Türk lirasının finansal sistemdeki payının kalıcı bir şekilde artırılması ve ülkedeki tüm yatırım ve ticaret süreçlerinin Türk lirası etrafında şekillenmesi için politikaların uygulandığına işaret eden Kavcıoğlu, atılan bu adımların meyvelerini vermeye başladığını ifade etti. sonuçlar.
Kavcıoğlu, bilançolardaki liraizasyonla birlikte reel bölünen şirketlerin döviz pozisyonu istikrarında iyileşme görülürken, hanehalkının finansal varlık kompozisyonunda Türk lirasının payının önemli ölçüde arttığını belirtti. “Şirket kompozisyonu hedeflenen yönde değişti ve net ihracatçı firmalar ile KOBİ’lerin toplam krediler içindeki payı arttı. TL kredi faizlerinin para politikası faizlerine yakınsaması sağlanarak firmaların finansmana erişimi desteklenmiş, şirketlerin finansal maliyet kanalı üzerinden finansal transfer etkinliği güçlendirilmiştir.” değerlendirmesini yaptı.
“Liraizasyon Stratejisini tüm unsurlarıyla uygulamaya devam edecek”
Bankacılık bölümünün operasyonel kalitesindeki iyileşmenin tüm kredi türlerinde ve kredi risk göstergelerinde gözlemlendiğini vurgulayan Kavcıoğlu, bölümün mevduat ağırlıklı fonlama kompozisyonunun yanı sıra güçlü likidite tamponlarının olası likidite şoklarına karşı dayanıklılığını desteklediğini hatırlatarak, şunları kaydetti: bankalar sermaye yeterlilik oranlarını yasal limitlerin üzerinde tutmaktadır.

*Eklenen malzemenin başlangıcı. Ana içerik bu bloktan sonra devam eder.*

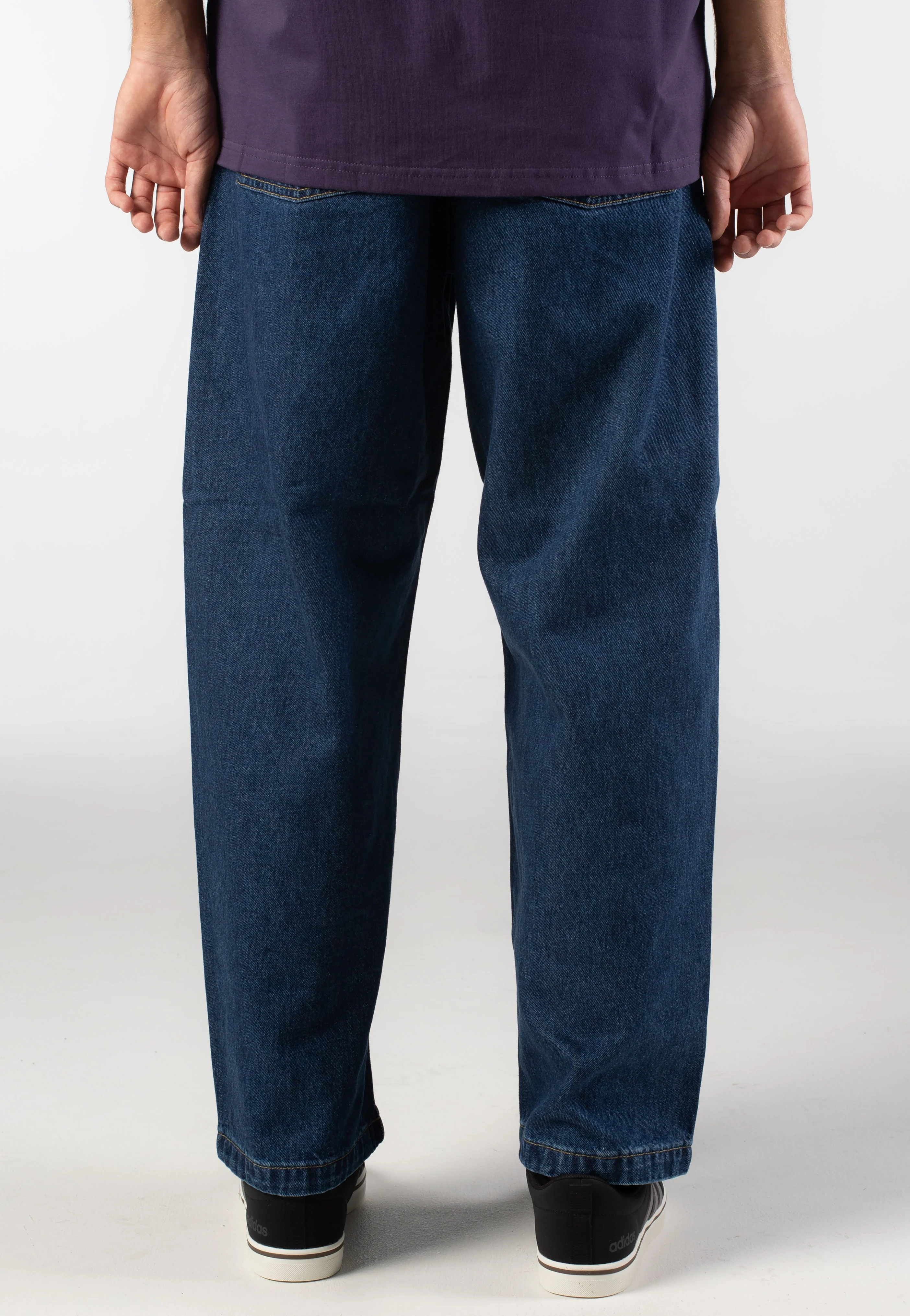 Brandon Blue Stone Washed - Jeans - Image 3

TCMB’nin fiyat istikrarının kalıcı ve sürdürülebilir bir şekilde kurumsallaşması amacıyla Liraizasyon Stratejisini tüm unsurlarıyla uygulamaya devam edeceğinin altını çizen Kavcıoğlu, “Üretim ve cari fazla kapasitedeki gelişim süreci, politika faiz oranları ile desteklenecek, kredi ve likidite politikaları hedeflenmektedir.”Cari işlemler dengesi kalıcı fiyat istikrarı ile uyumlu bir yapıya kavuşturulacaktır. Liraizasyon adımları ve çeşitlendirilmiş rezerv yönetimi, Türk lirası odaklı finansal istikrarın tesisine katkı sağlamaya devam edecektir.”